Another Potentially Curative Therapy
Zinc finger nucleases (ZFNs), one of the earlier therapies, fuse two compounds that are engineered to seek out and cut segments of DNA.
These targeted genome therapies are engineered to correct inborn mutations for personalized cell replacement therapies.
About Genome Editing and CRISPR-Cas9
Through the use of gene-editing technology, genetic material may be removed, added or altered at various locations in the genome. One recently developed method is Nobel Prize-winning CRISPR-Cas9 (clustered regularly interspaced short palindromic repeats and CRISPR-associated protein 9.)
The CRISPR-Cas9 system is frequently headlined in news reports and has caused quite a bit of excitement in the medical community. It is cheaper, more accurate, faster and has proven to be more efficient than other genome-editing techniques.
CRISPR gives rare genetic disease patients encouragement, but it is not yet available for human trials.
Genome editing is the frontrunner in the treatment and prevention of human diseases. Most research on genome editing is currently being performed in order to understand diseases by using cells and animal models. Scientists are trying to determine its safety and efficacy on humans.
There are a wide variety of diseases being examined such as hemophilia, sickle cell disease, and cystic fibrosis. It is being considered for treatment and the prevention of even more complicated diseases such as heart disease, cancer, mental illness, and HIV infection.
The adaptation of CRISPR-Cas9 follows the pattern of a naturally occurring genome editing system found in bacteria.
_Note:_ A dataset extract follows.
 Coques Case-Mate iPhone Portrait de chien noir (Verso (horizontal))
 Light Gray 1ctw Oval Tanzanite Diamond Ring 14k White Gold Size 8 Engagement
DNA segments known as CRISPR arrays are created when the bacteria capture fragments of DNA from invading viruses.
If the viruses attack again, the bacteria will “remember” the viruses and produce RNA segments from the CRISPR arrays which will target the viruses’ DNA. The DNA is then cut and the virus is disabled by the bacteria’s use of Cas9 or a similar enzyme. Researchers achieve similar results with the CRISPR-Cas9 in the lab.
A considerable amount of controversy and ethical concerns surround genome editing when methods such as CRISPR-Cas9 are used to alter human genomes.
The changes that now occur with genome editing only pertain to somatic cells. These are cells that do not include egg or sperm cells. They affect certain tissues and are not passed sequentially through generations.
On the contrary, changes can be passed to future generations if they are made to genes in egg or sperm cells or in an embryo’s genes. Due to ethics and safety concerns, sperm cells (germline cells) and embryo genome editing are banned in certain countries. The ethical concerns involve the use of this technology to enhance such human traits as height or intelligence.
Although these results cast doubt about ‘fixing’ the genome, scientists hold out hope that raising the dose may bring improved results. There are over 6000 debilitating and deadly diseases in the genetic code. As one of the researchers said “. . . the theory – and the hope – is that if we can alter the genes that carry these diseases, we could edit mutations out of existence.”